Sur le fond, j'aimerais mettre le doigt sur l'argument principal de nos historiens, formulé ici par François Delpla :
a écrit :L’écrasement du monstre dans sa tanière pressait plus que tout, Churchill en d’inlassables navettes accordait les violons des trois alliés principaux et ce n’était pas du luxe, tant, pour ne prendre qu’un exemple des craintes qui risquaient de paralyser l’action, la peur d’une communisation générale de l’Europe trouvait d’écho aux Etats-Unis. Depuis 1932, un homme qui a, sinon compris les détours de Hitler dans toute leur subtilité, du moins mesuré la dangerosité du nazisme, met tout en oeuvre, y compris en surmontant en lui-même un anticommunisme particulièrement invétéré, pour unir des forces matérielles et morales contre ce fléau.
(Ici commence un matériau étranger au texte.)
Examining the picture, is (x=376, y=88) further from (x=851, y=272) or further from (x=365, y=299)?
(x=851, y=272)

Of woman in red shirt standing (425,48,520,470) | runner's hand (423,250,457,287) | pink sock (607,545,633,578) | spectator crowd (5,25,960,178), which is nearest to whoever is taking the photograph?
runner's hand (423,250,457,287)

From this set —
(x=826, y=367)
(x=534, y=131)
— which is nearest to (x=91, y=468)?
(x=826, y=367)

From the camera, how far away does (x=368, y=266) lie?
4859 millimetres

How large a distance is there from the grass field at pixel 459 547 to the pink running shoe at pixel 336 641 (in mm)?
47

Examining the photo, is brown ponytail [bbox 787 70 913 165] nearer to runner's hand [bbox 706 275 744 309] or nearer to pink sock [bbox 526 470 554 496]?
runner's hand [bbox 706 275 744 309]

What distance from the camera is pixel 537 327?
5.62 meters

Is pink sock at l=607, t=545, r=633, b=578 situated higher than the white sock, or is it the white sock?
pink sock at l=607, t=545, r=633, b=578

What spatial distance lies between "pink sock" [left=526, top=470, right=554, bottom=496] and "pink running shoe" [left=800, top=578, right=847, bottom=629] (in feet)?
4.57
Le jour où les bombes pleuvent sur Dresde, il est comme toujours pressé d'en finir en ne négligeant aucun facteur, et le feu du ciel pour faire comprendre au peuple allemand qu'il est dirigé par un type dangereux fait partie de la panoplie.
Le texte de Churchill ci-dessus montre qu'il estime lui-même qu'à Dresde on y est allé un peu fort, sans éprouver le besoin de la moindre autocritique publique car c'est bien aux Allemands d'en faire, et à tous ceux qui leur ont été plus complaisants que lui.
Ainsi, l'écrasement de la population civile de Dresde aurait été un mal nécessaire afin de précipiter la chute du nazisme. A ceux qui émettent un doute sur l'efficacité militaire de l'action, on rétorque qu'il fallait "faire comprendre au peuple allemand qu'il est dirigé par un type dangereux" (sic). On imagine comment ce même raisonnement - ou plutôt, cette même apologie - peut être étendu sans peine au largage des bombes atomiques sur Hiroshima et Nagasaki.
Sauf que la réalité est très exactement inverse. De tels bombardements massifs, ciblés sur les civils, ne pouvaient au contraire que souder la population derrière le régime, en la convaincant qu'hors des nazis, point de salut, et que les alliés ne faisaient pas la guerre au régime, mais au peuple allemand. Et lorsque Himmler s'adressait à la population allemande en lui tenant, en substance, ce discours, la réalité semblait lui donner raison.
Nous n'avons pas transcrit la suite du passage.